Het derde nummer van jaargang 63 van Internationale Neerlandistiek is verschenen. Ook dit nummer is een themanummer. In dit nummer nemen we emigratie onder de loep en analyseren we de oorzaken en gevolgen ervan. De eerste twee bijdragen analyseren de ervaringen van migranten vanuit de Lage Landen naar specifieke gebieden: de stad Norwich in Oost-Engeland en Ceylon of Sri Lanka. De derde bijdrage analyseert het migratiebeleid van de Nederlandse overheid voor de Indische archipel in de negentiende eeuw.

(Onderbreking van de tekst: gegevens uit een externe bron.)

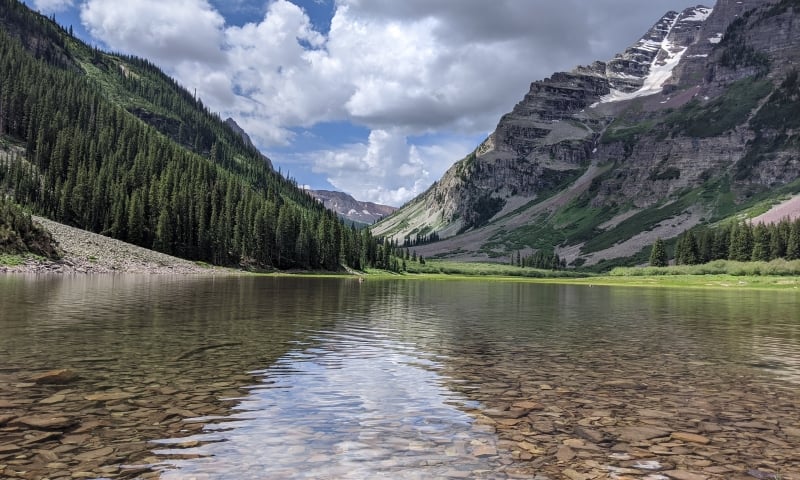 A clear mountain lake with a visible rocky bottom reflects a partly cloudy sky, nestled between two towering, forested mountains with snow patches.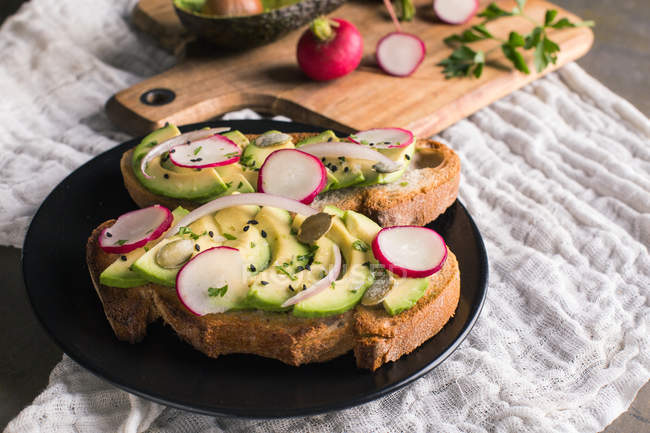 Натюрморт тостів з авокадо та шматочками редьки на тарілці — стокове фото
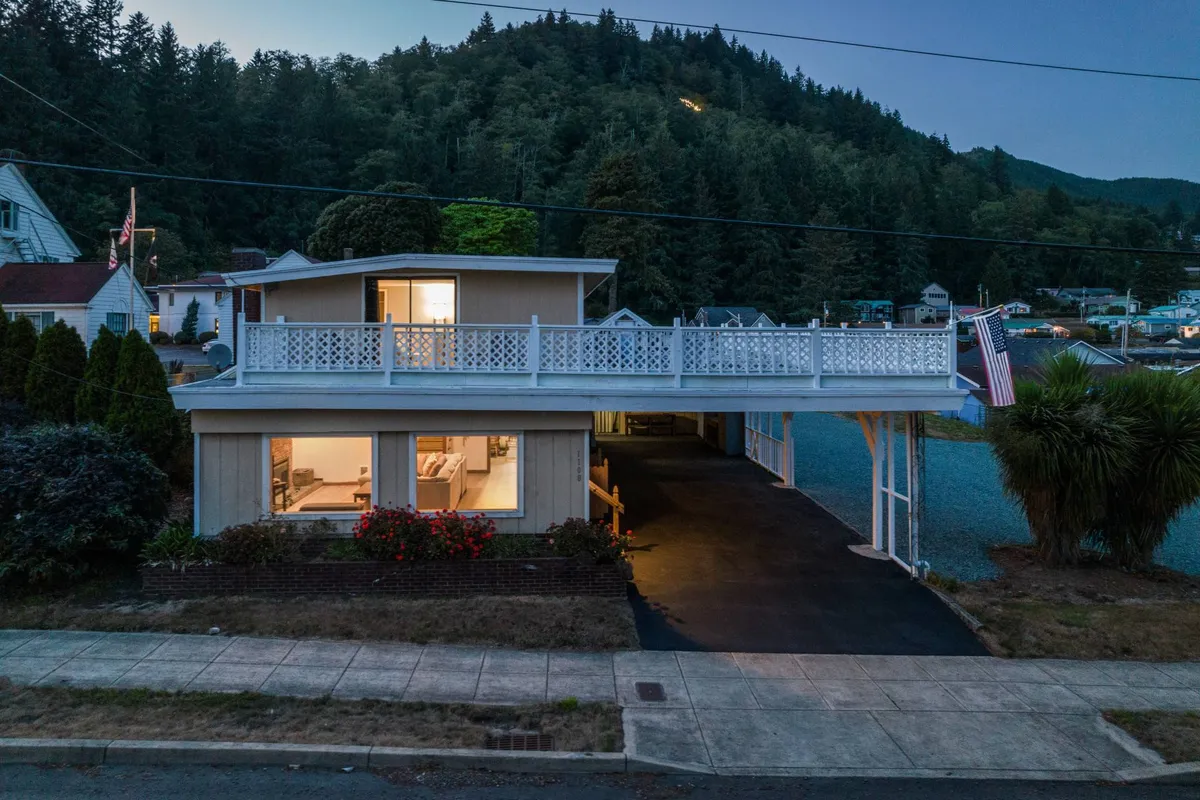 An inviting exterior view of a house with a balcony overlooking a landscaped front yard. The illuminated windows suggest warmth and welcome, while the balcony offers a perfect vantage point for group gatherings and sunset views.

Verder zijn er nog boekbesprekingen door Judit Gera, Lia van Gemert en door Sibo R. Kanobana.
Bekijk het volledig nummer via de
Website van Amsterdam University Press
Artikelen
- Ballingen uit de Lage landen in Norwich
Door Chris Joby
De laatste tijd komt het onderwerp migratie heel regelmatig in het nieuws. Migratie is er echter altijd geweest en de vroegmoderne periode vormt daar geen uitzondering op. Naar schatting een derde van de Europese bevolking verhuisde destijds binnen de eigen landsgrenzen of naar het buitenland. Deze bijdrage neemt de migratie vanuit de Zuidelijke Nederlanden, en vooral vanuit Vlaanderen, naar de Engelse stad Norwich in de tweede helft van de zestiende eeuw onder de loep. Aan de hand van de beschikbare bronnen concentreert dit artikel zich op verhalen van mensen van verschillende achtergronden in de Vlaamse vreemdelingengemeenschap in Norwich, die gesticht is in 1565. Dit onderzoek richt zich op de redenen voor hun vertrek uit de Lage Landen, de uitdagingen waarmee ze in hun nieuwe thuisstad werden geconfronteerd, de manier waarop ze hun dagelijks brood verdienden, en hoe ze bijdroegen aan de economische groei van Norwich.
- De lotgevallen van de Burghers op Sri Lanka.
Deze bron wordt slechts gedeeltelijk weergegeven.